JAKARTA, KOMPAS — Direktorat Jenderal Perhubungan Darat Kementerian Perhubungan masih menunggu hasil evaluasi ulang kajian Bank Pembangunan Asia mengenai pembangunan dermaga di lintasan penghubung Pulau Jawa dan Sumatera.
”Sebenarnya kajian itu sudah lama ada, tetapi tidak ditindaklanjuti. Sekarang, dengan adanya kenaikan trafik akibat pembangunan jalan tol Sumatera, kebutuhan akan dermaga itu menjadi sangat penting,” kata Direktur Jenderal Perhubungan Darat Budi Setiyadi kepada Kompas, di Jakarta, Kamis (10/5/2018).
Budi menjelaskan, keberadaan enam dermaga di lintasan Merak-Bakauheni sekarang sudah tidak mampu menampung pertumbuhan trafik yang ada. Akibatnya, banyak kapal yang harus antre untuk sandar sehingga mengurangi produktivitas kapal. Dari 68 kapal yang ada di lintasan, hanya 34 kapal yang bisa beroperasi setiap harinya.
”Bank Pembangunan Asia (ADB) sedang me-review ulang kajian yang ada.
Jika memang bisa dilanjutkan sesuai dengan kondisi saat ini, pembangunan akan dilakukan. Waktu itu rencananya akan dilakukan pembangunan dua dermaga di Marga Giri di Banten dengan di Ketapang, Lampung,” kata Budi.
Pembangunan dermaga itu, katanya, membutuhkan waktu dan anggaran yang tidak sedikit. ”Bisa mencapai Rp 1 triliun. Kemungkinan pola yang akan dipakai adalah kerja sama pemerintah-badan usaha dengan didanai dari ADB,” kata Budi.

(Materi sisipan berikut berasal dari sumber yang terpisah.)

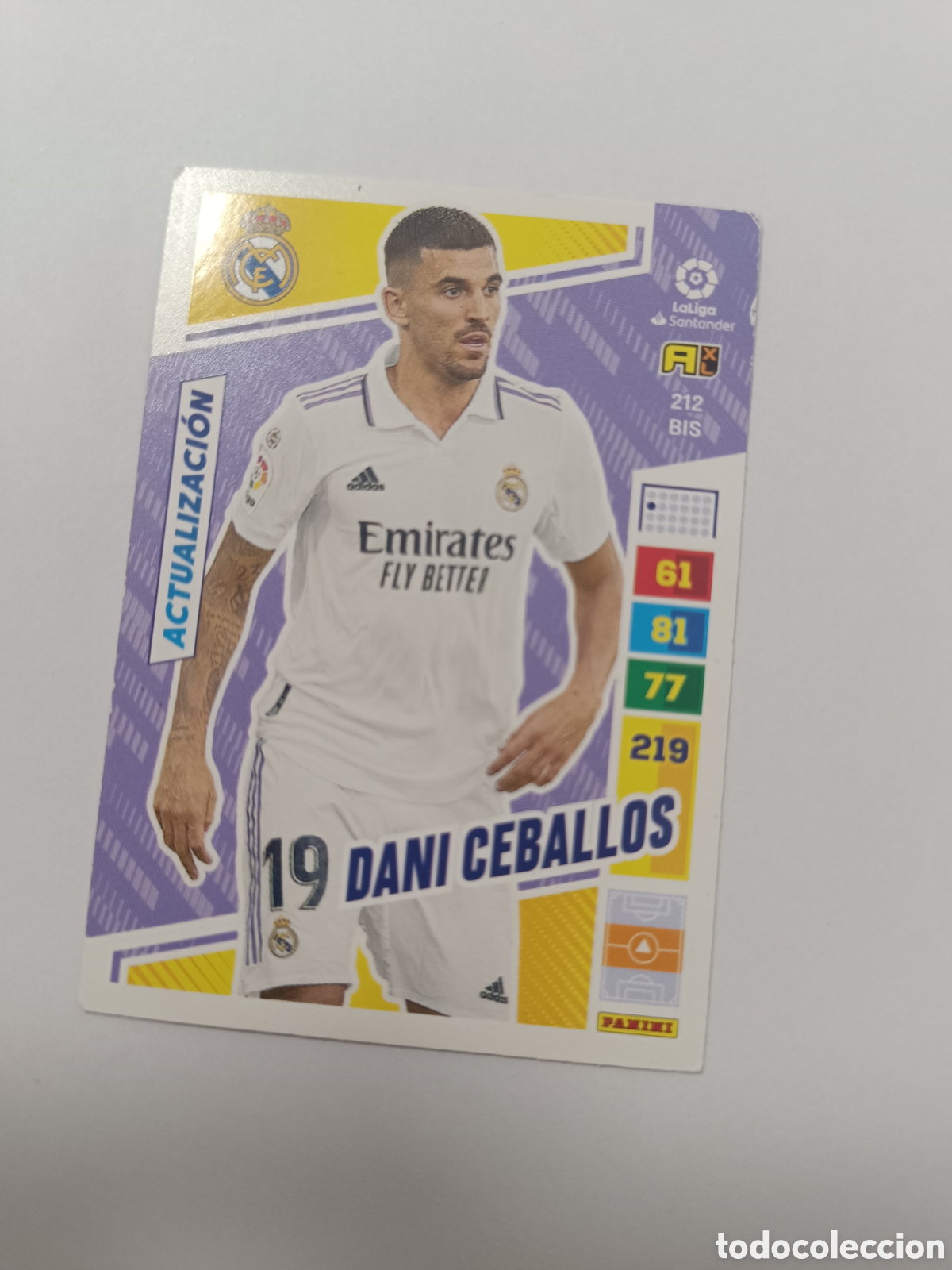 Cromos de f&uacute;tbol: Adrenalyn 22-23 real madrid 212 bis actualizaci&oacute;n ceballos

Bank Pembangunan Asia (Asian Development Bank/ADB) sedang mereview kajian yang ada.
Untuk meningkatkan produktivitas kapal, pemerintah menetapkan hanya kapal-kapal besar berukuran di atas 5.000 gros ton (GT) yang boleh beroperasi di lintasan tersebut. Sementara kapal-kapal yang berukuran di bawah 5.000 GT harus pindah lintasan. Aturan tersebut mulai berlaku Desember 2018.
Ketua Umum DPP Gabungan Pengusaha Angkutan Sungai Danau dan Penyeberangan (Gapasdap) Khoiri Sutomo mengatakan, Gapasdap tidak setuju dengan rencana penggantian kapal di bawah 5.000 GT menjadi minimal 5.000 GT (Peraturan Menteri Perhubungan Nomor 88 Tahun 2014).
Dengan penggantian tersebut, pengusaha tidak bisa melakukan efisiensi operasional, seperti menggunakan kapal kecil saat kondisi low season dan mengoperasikan kapal besar saat kondisi peak season. ”Aturan ini akan menambah beban biaya yang harus ditanggung oleh pengusaha dalam melayani masyarakat,” kata Khoiri.
Dia mengatakan, ada 22 kapal yang akan terkena aturan Menteri Perhubungan ini. Seharusnya, menurut Khoiri, pemerintah segera mewujudkan pembangunan dermaga. Apabila menggunakan kapal di atas 5.000 GT, penambahan kapasitas yang terjadi hanya 8 persen. Kalau menambah dermaga, maka penambahan kapasitas yang terjadi mencapai 18 persen.
Mengharuskan pengusaha menggunakan kapal besar hanya akan merugikan pelaku usaha. Jika perusahaan pelayaran tidak mampu menutup biaya operasinya, akibat terlalu banyaknya kapal, yang dikurangi pertama kali adalah aspek kenyamanan. Jika masih tidak mampu, yang akan dikurangi berikutnya adalah aspek keselamatan.
”Jika aspek keselamatan pelayaran terganggu, pemerintah harus bertanggung jawab terhadap permasalahan tersebut,” kata Khoiri.